Composed filter warning

Explore in An External Data Commons

Some subjects within the PCDC can be further explored in external Data Commons'. Currently, Gabriela Miller Kids First (GMKF) and the Genomic Data Commons (GDC) are available for exploration.

To explore subjects within an external commons:

1) Create a data set using the Filter Set Workspace. It is recommended users save their data set before using the "Explore in" function. Set the desired data set as "Active" by clicking on it within the Workspace.

2) Click on the Explore in button in the upper right part of the Exploration page. A pop-up window will open. The drop-down menu is used to select the external data commons.

Explore in

3) Download the manifest. The "Open in new tab" button will activate after downloading the file. Follow the instructions on the target website to upload the manifest.

Survival Analysis

The PCDC platform includes a Survival Analysis tool that can display survival curves and Number at Risk tables. This tool will be available temporarily during a pilot phase to test the functionality and usability of the tool.

When first accessing the survival curve generator, users must agree to follow the Acceptable Use Policy. Subsequent sessions will include a reminder of the terms whenever the Survival tab is first used.

Survival Analysis

To create a survival curve, users must first select at least one filter set to analyze. Filter Sets can be created and saved using the procedure described above. Note: Only saved filter sets can be used to create a Survival Curve.

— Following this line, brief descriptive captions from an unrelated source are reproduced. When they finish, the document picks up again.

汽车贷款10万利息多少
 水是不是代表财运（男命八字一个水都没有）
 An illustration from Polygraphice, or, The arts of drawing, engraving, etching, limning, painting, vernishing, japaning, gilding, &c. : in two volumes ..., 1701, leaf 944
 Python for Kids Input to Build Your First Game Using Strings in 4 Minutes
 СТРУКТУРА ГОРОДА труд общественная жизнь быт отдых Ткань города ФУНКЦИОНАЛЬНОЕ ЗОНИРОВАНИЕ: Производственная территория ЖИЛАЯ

Use the drop down labeled “Select Filter Set to Analyze” to select a saved filter set, then click the Add button to add the filter set. Optionally, a user may select “All Subjects” to see the entire data set. Additional filter sets can be added using the steps above.

The "Consortium" information label shows which data are available to create a survival curve. Filter sets that include values from other consortia are disabled.

Survival Analysis

Once selected, users can see the survival curve by hitting the Apply button at the bottom of the screen. Note: When changes are made to filter sets that are currently selected for the Survival curve, users must hit the Apply button after editing to see the changes reflected in the curve.

Multiple data sets can be selected and shown simultaneously. In the example below, two data sets are used: one for male and one for female participants.

Survival Analysis

Options

The survival curve can be adjusted using the options available.

Survival Analysis

The Consortium field indicates which disease groups have data available to create a survival curve.

The Disallowed Variables field shows which variables cannot be used to create a survival curve.

The Survival type drop down can be used to select Overall or Event-Free survival.

Start time is used to select the start time of the x-axis. Default is zero (0).

End time is used to select the maximum time (in years) that will appear on the x-axis. The default is five years. If left blank, the maximum number of years will be shown for which data is available.

Time interval is used to determine the frequency of hash marks appearing on the x-axis, both on the survival curve and in the Number at risk table shown below the curve. Default is one year.

Query

The Query page is used to create queries using the GraphiQL tool. (additional information to be provided in a future release of the User Guide).

User Menu

The User Menu can be accessed by clicking on the user icon in the top right corner of the screen. The View Profile option allows users to make changes to their name and institutional affiliation. The View Profile page can also be used to create API Keys (additional information to be provided in a future release of the User Guide).

User Menu

Data Requests

The Data Requests screen allows users to see the status of their data requests and, when approved, download data. At the top of the screen is a toggle button to see All Requests or only Approved Requests.

Data Requests

Only users who are authorized to receive requested data will see the Download Data button activated when the data is ready.

Data Requests

Documentation

Documentation Menu

The Documentation menu allows users to access reference documents related to the Data Portal such as the Privacy Notice and Terms and Conditions. Clicking on any of the documents in the list will redirect users to the D4CG Documentation site.